Civitas Fulginia in ca. 850

Having been documented in 496, Civitas Fulginia (as opposed to Fulginia tout court), only reappears in the surviving documentary record in the hagiography of the mid 9th century, at which point (like London buses) three references turn up at almost the same time:

  1. BHL 2846 (late 840s) has St Felician buried “iuxta Fulgineam civitatem, super pontem Caesaris.

  2. BHL 0019, the account of the translation of the relics of St Abundius to Berceto in 850, designates Bishop Domenico as ‘Fulgineæ civitatis Dominicus  Episcopus’.

  3. BHL 1620 (soon after 850) has SS Carpophorus and Abundius beheaded outside the walls of civitas Fulginia.

The reference to the ‘pons Caesaris’ in BHL 2846 makes it certain that, at this date, the episcopal seat was on the site of modern Foligno

Location of Civitas Fulginia: Conclusion

We can reasonably assume that the episcopal seat of Fulginia (which now included Forum Flaminii) returned to the site of modern Foligno at some time in the first half of the 9th century, and that its was certainly in this location by the late 840s, when BHL 2846 was written.

BHL 2846 and Civitas Fulginia: Summary and Conclusions

In the section above entitled “Who Commissioned BHL 2846 ?”, I suggested that it had been commissioned in the late 840s by Bishop Domenico or by his unknown immediate predecessor. 

In this section, I have argued that, at some time after 680, the diocese of Forum Flaminii was absorbed by that of  Fulginia, and that the episcopal seat of the enlarged diocese of Fulginia moved to Colle San Lorenzo.  However, it had certainly returned to the site of modern Foligno by the late 840s, when BHL 2846 was written.

It seems to me that the obvious conclusion is that the bishop who was responsible for this latest move also commissioned BHL 2846 in order to establish the credentials of the restored episcopal seat as the city of an early bishop, evangelist and martyr, St Felician.

BHL 2846 and the Earlier Legend

I made it clear above that a detailed analysis of which parts of BHL 2846 might have come from the early legend of St Felician is way beyond my capabilities.   However, I attempt in this section to identify a number of distinctive passages in BHL 2846 that seem to me to contain new material.

Date of the Martyrdom of St Felician

In my section above on the early legend, I suggested that the claim in BHL 2846 that St Felician was martyred in the Decian persecution of 250 (rather than, for example, in the persecution of Diocletian in 303) was new material.  I also pointed out that this introduced a degree of chronological incoherence, because the claim that St Felician had ordained St Valentine, who died 347, had been retained.

This change, combined with what was probably another new claim - that St Felician was 94 when he died - allowed the author of BHL 2846 to claim that St Felician had been ordained by Pope Victor I (189-99) and that his episcopate had lasted for 56 years.  In this way, he gave credence to his claim (which was thus also presumably a new one) that St Felician had been ordained at a time when there was no bishop ‘per Thusciam Picenumque’, an extensive area across central Italy in which the people were still pagan.  Thus, the author of BHL 2846 could claim that St Felician had converted much of this region to Christianity during his long episcopate. 

Decius and SS Abdon and Sennen

Francesco Lanzoni (referenced below, at p.  452) observed that:

  1. “In order to write the history of the Emperor Decius, [the author of BHL 2846] felt the need to resort to a suspect source such as the legend of SS Abdon and Sennen ...” (my translation).

Thus, if Decius was an addition to the early legend, so too were SS Abdon and Sennen.  Their cult  was certainly an old one: an entry under “III kal.
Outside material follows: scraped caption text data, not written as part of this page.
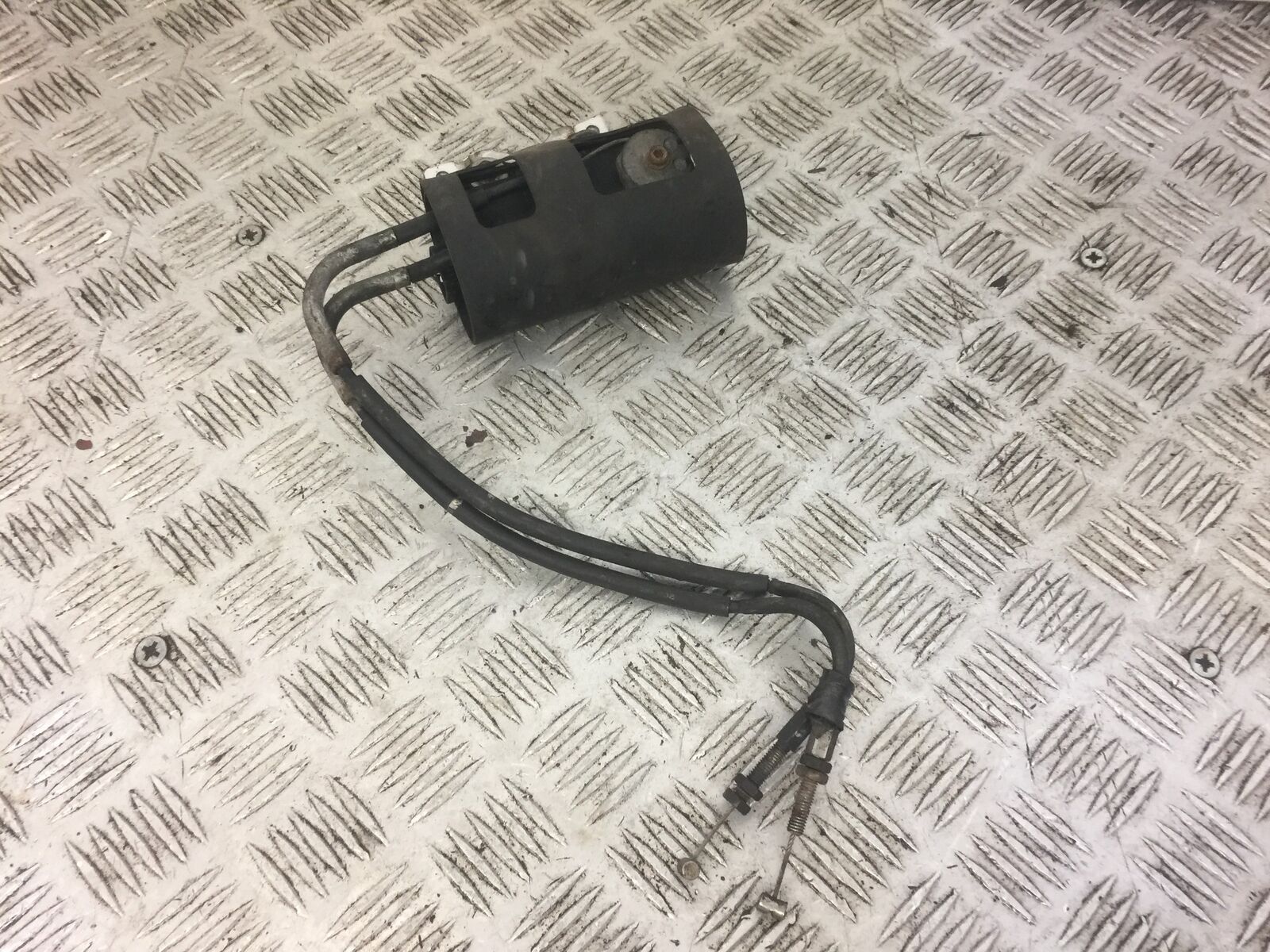 YAMAHA R6 2CO SERVO MOTOR  YEAR 2006 (STOCK 607)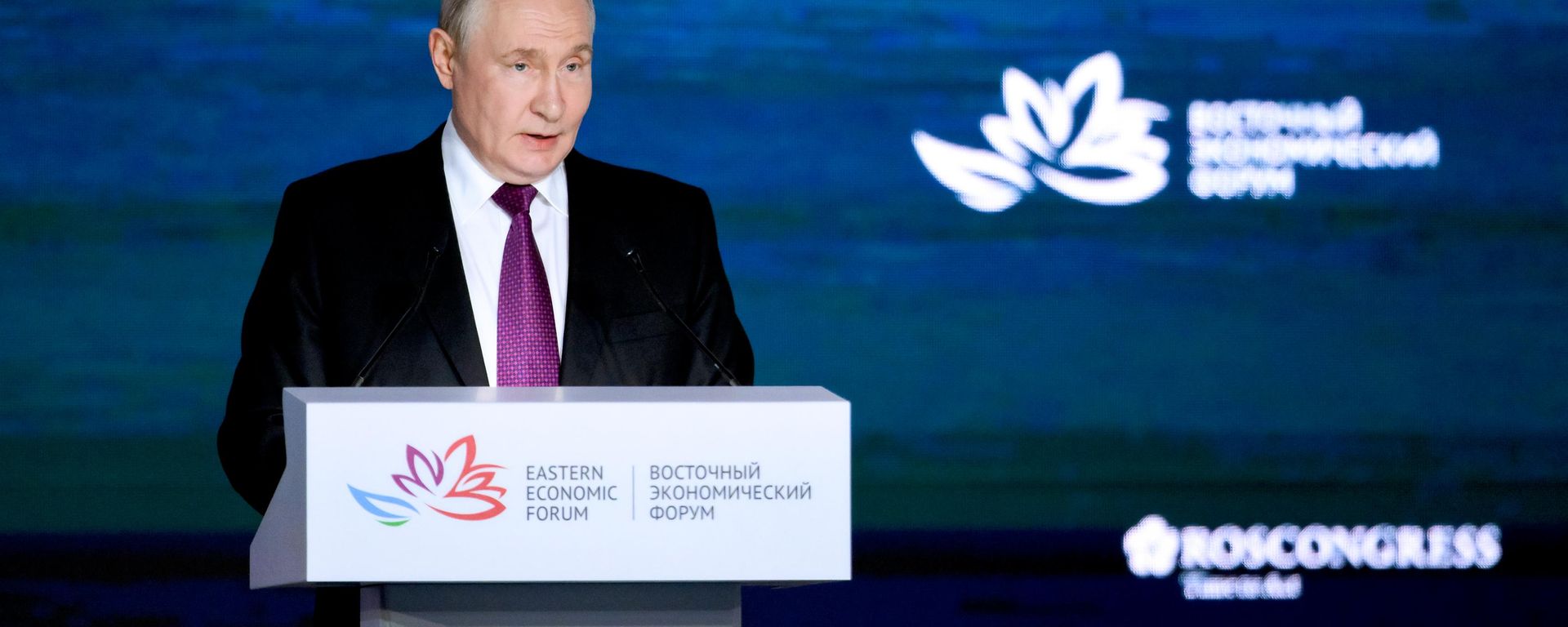 Russian President Vladimir Putin at the plenary session of the Eastern Economic Forum (EEF) - Sputnik International, 1920, 03.09.2026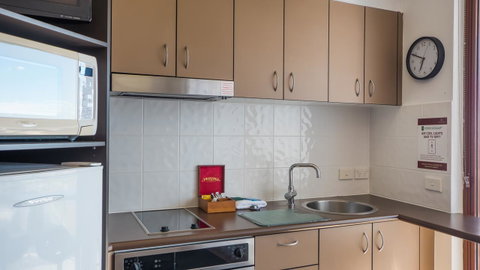 Broadbeach Savannah Resort - Holiday Find 41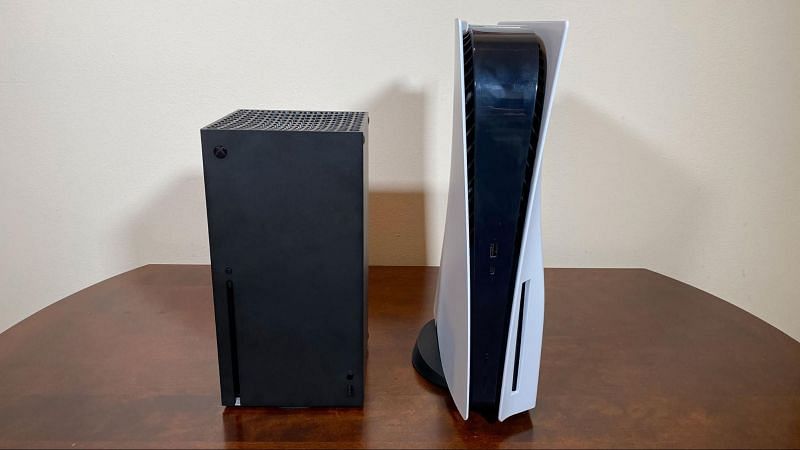 The Xbox Series X next to the PS5 (Image via Tom&#039;s Hardware)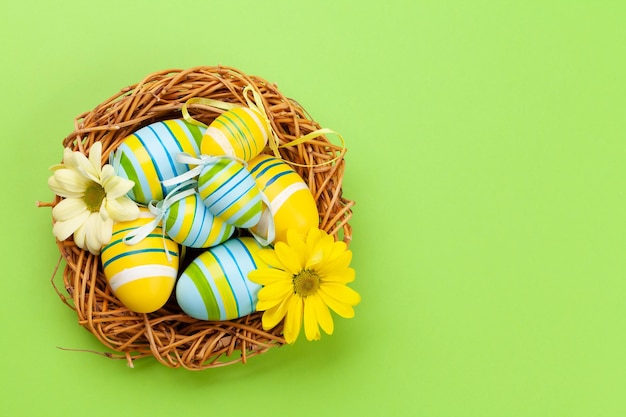 Biglietto di auguri di Pasqua con le uova di Pasqua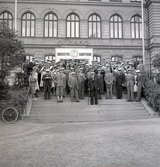 Växjöstudenternas dag. Flera f.d. studenter har samlats på trappan till dåv. Växjö Högre Allmänna Läroverk.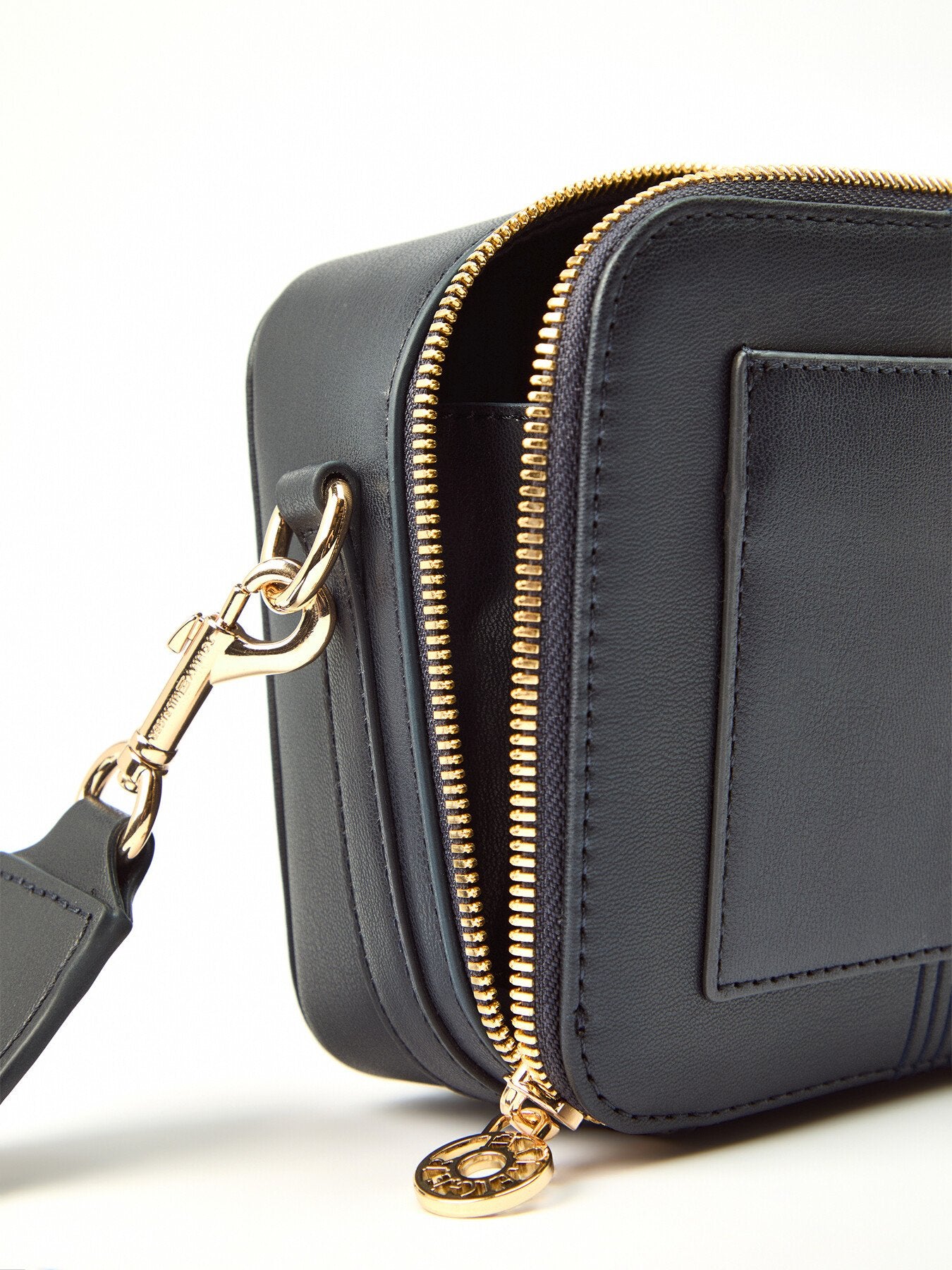 TH Distinct Camera Bag Corp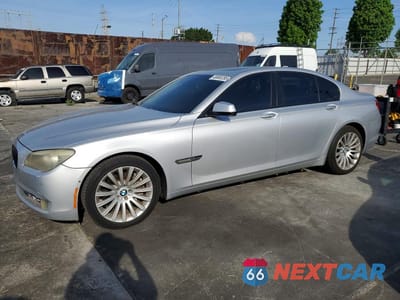 2009 BMW 750 I WBAKA83559CY34186 - główne zdjęcie licytacji z USA - miniatura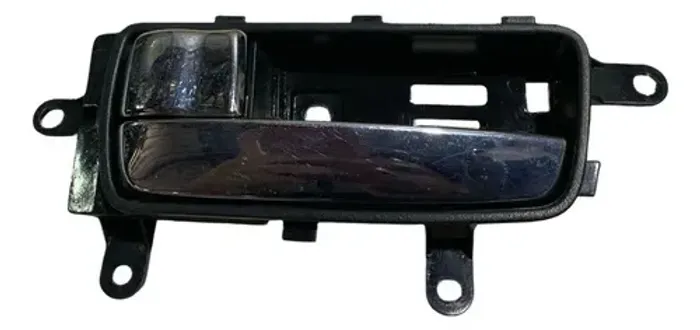 Maçaneta Interna Traseira Esquerda Nissan Sentra 2008 A 2012 Prateado Dianteira
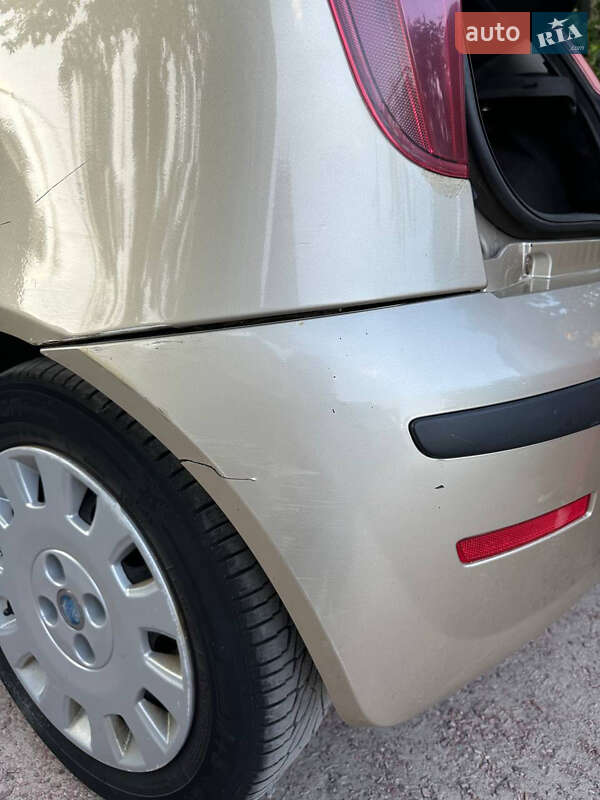 Хэтчбек Fiat Punto 2007 в Киеве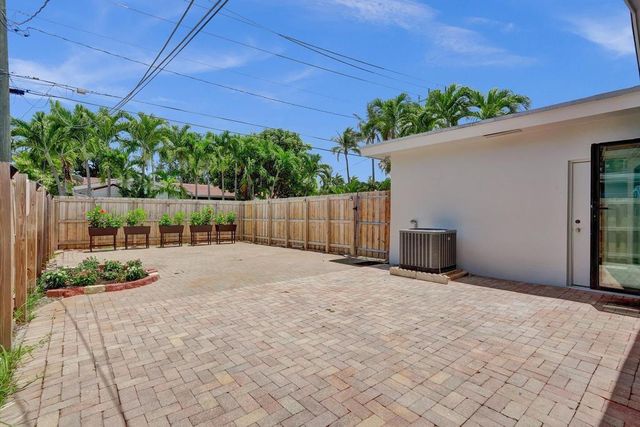 1424 Adams Street, Hollywood, FL 33020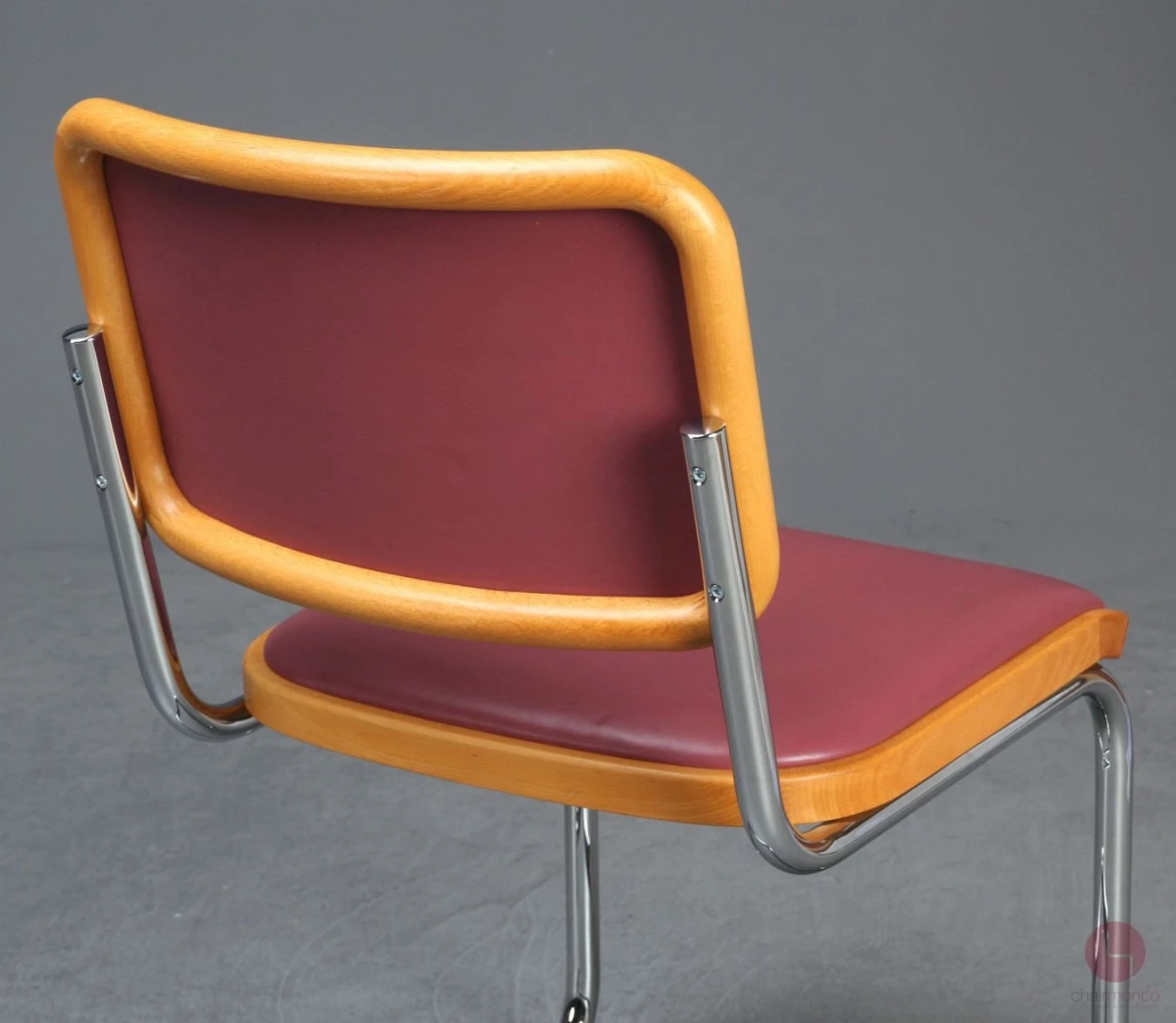 Thonet S32 P Freischwinger mit rotem Kunstleder Polster gebraucht Thonet S32 P Freischwinger mit rotem Kunstleder Polster gebraucht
Aug.” (30th July) in the so-called “Depositio Martirum” of 354 reads:

  1. Abdos et Semnes in Pontiani, quod est ad ursum piliatum

However, this only records that SS Abdon and Sennen were martyrs who were buried in the cemetery of Pontianus in Rome (near what was presumably a place of entertainment called the ‘Bear in Cap’).”  Lanzoni is by no means alone in judging the longer accounts in surviving versions of their legend to be unreliable.

In my view, this change of date since the early legend and the associated inclusion in BHL 2846 of elements from the legend of SS Abdon and Sennen is betrayed by the inherent unlikelihood of its account (at paragraph 4)  of the events surrounding the arrest of St Felician.   The author had Decius himself bring SS Abdon and Sennon to Italy and stop at Forum Flaminii, where he became aware of St Felician’s popularity with the local people.  He therefore had St Felician arrested, personally interrogated him, ordered his torture, and had him imprisoned alongside SS Abdon and Sennon.   Finally, all three prisoners were taken in chains to Rome.   In stressing the direct role that Decius played in these events, the author seems intent upon impressing on his readers the veracity of his changed chronology.  

Another odd aspect of this paragraph is the author’s careful description of the place where Decius arrested St Felician:

  1. “... the ancient city called Forum Flaminii, which stands on public land, 100 miles from the city of Rome” (my translation).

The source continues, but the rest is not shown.